Questo alimentò un forte hype ancora prima che la gente potesse degustare la puntata pilota. Un altro segnale del successo che andò oltre i confini nazionali sopraggiunse nel 2015, quando la prima stagione fu acquistata da una produzione/distribuzione cinese, Hauce Media International di Hong Kong, per essere adattata al mercato locale. Un riconoscimento significativo del valore del soggetto originale creato da Ivan Cotroneo, nonché della potenzialità della serie di superare il proprio contesto culturale.
All’esordio, tuttavia, le aspettative erano moderate. Tutti Pazzi per Amore non era presentata come una fiction “di nicchia”, ma certamente non si prevedeva che avrebbe avuto un impatto così forte. Gli ascolti della prima stagione furono eccellenti, in quanto si parla di medie attorno ai sei milioni di spettatori con share superiori al 20-22%. Critici e media notarono immediatamente il contrasto e un articolo de Il Manifesto definì la fiction come “cucinata in versione originale” pur usando “gli stessi ingredienti” delle famiglie allargate, dei figli, della scuola, ma con un condimento nuovo fatto di ironia e sentiment per nulla scontato.
Il pubblico reagì con affetto a Tutti Pazzi per Amore
La gente non si limitò soltanto a guardare le puntate, ma, anticipando il mood futuro, iniziò a condividere impressioni, citazioni, momenti musicali. Molte famiglie si riconoscevano nei conflitti adolescenziali, nei rapporti fra genitori, nei rimpianti per amori passati, nel dolore della perdita, ma anche nel desiderio di ricominciare. Qualcuno definiva lo show una “fiction che ride e piange così vicino a me”, non distante o eroica, ma fatta di imperfezioni e quotidianità. Così, con il passare del tempo, dopo il finale di stagione, il ricordo fu coltivato. Tanto che il DVD, con cofanetti che includevano making-of, backstage, extra, fu molto richiesto.Mentre clip sui social che riproducevano battute, canzoni, scene iconiche, specie nei periodi di nostalgia televisiva, ottennero migliaia di visualizzazioni.
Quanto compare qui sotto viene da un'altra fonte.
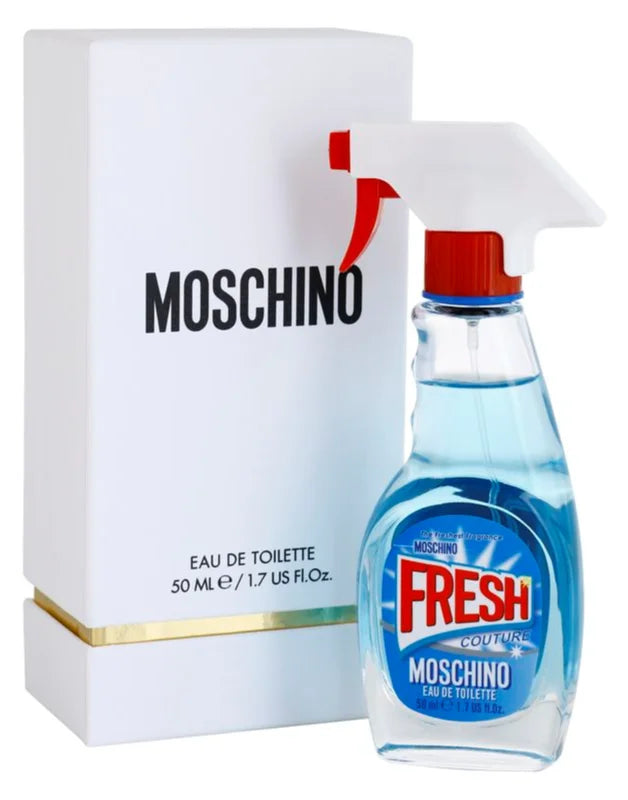 Moschino Fresh Couture EDT para mujer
Infine, il successo internazionale, contribuì a legittimare che Tutti Pazzi per Amore non fosse solo un evento italiano, ma un prodotto con caratteristiche universali.
Guardando indietro, pertanto, lo show appare come uno spartiacque. Non in quanto abbia rivoluzionato radicalmente la fiction italiana, ma perché ha dimostrato che era possibile, per la televisione di massa, fare qualcosa che fosse al contempo popolare e raffinato, emozionale ma leggero, familiare ma non banale. Ha insegnato che la musica può essere protagonista, che i soggetti originali contano, che il cast corale con personaggi ben tratteggiati ha più presa sul pubblico di personaggi stereotipati. Ha preparato il terreno per prodotti più arditi che sarebbero arrivate in seguito, quelle che non hanno paura di sperimentare tonalità ibride. Basti pensare al dramedy (ecco le migliori dramedy recenti), alla commedia musicale e a quei formati con episodi dall’impostazione più libera.
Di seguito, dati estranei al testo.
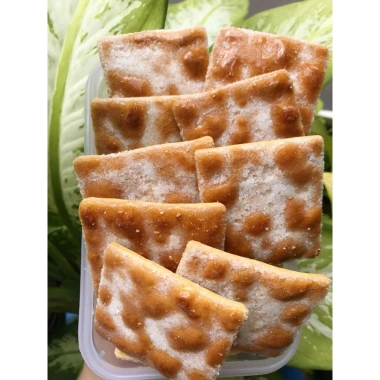 Bánh Lạt Đường Siêu Ngon Giá Sỉ 19000đ - 250g/500g/1kg 3 Bánh Lạt Đường Siêu Ngon Giá Sỉ 19000đ - 250g/500g/1kg 3
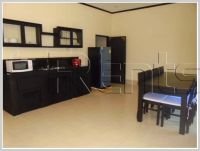 ID: 2744 - New Apartment for rent near Patuxai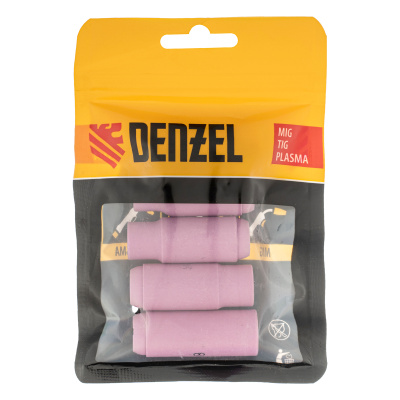 Набор керамических сопел № 4, 5, 6, 7, 8 Denzel по ценам производителя в Екатеринбурге с доставкой по всей России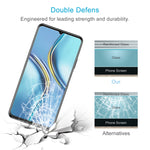 Pellicole in vetro temperato 0,26 mm 9H per Honor X30 Max e modelli compatibili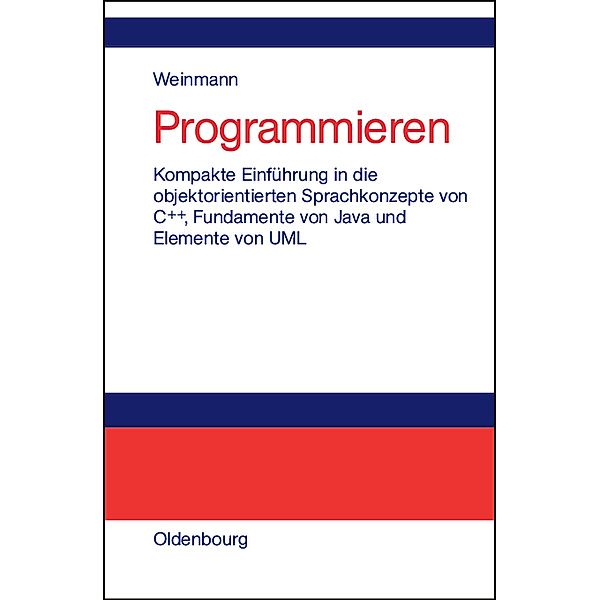 Programmieren, Siegfried Weinmann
Non mancano alcune critiche
Una parte del pubblico, per dirne una, avrebbe voluto maggiore profondità su temi sociali come disuguaglianze, malattie, migrazioni, tensioni economiche. Dunque, più coraggio nel confronto diretto con tematiche politiche e diversità sotto vari profili, pur non essendo ancora così presenti. Ma forse, la forza di Tutti Pazzi per Amore sta proprio nel suo compromesso virtuoso, nell’essere rivoluzionaria nei modi ma rassicurante nei contenuti, nel parlare al cuore senza diventare amara, nel concedersi sogni pur restando radicata nella realtà.
Oggi, non a caso, quando si nomina la serie, molti spettatori rispondono con ricordi vividi attraverso le canzoni, alcune scene, certi dialoghi. Spesso qualcuno ritorna alle puntate su RaiPlay, anche a distanza di anni, e non possono mancare commenti del tipo: “ma non fanno più cose così” oppure “mi mancano quelle sere davanti alla Tv con tutta la famiglia”. Sembrano solo elementi sentimentali e melensi, è vero, ma costituiscono un vero patrimonio culturale. Perché, in definitiva, Tutti Pazzi per Amore ha segnato un modo di fare fiction che il pubblico, nel suo insieme, desiderava fortemente, ma non sapeva ancora chiedere.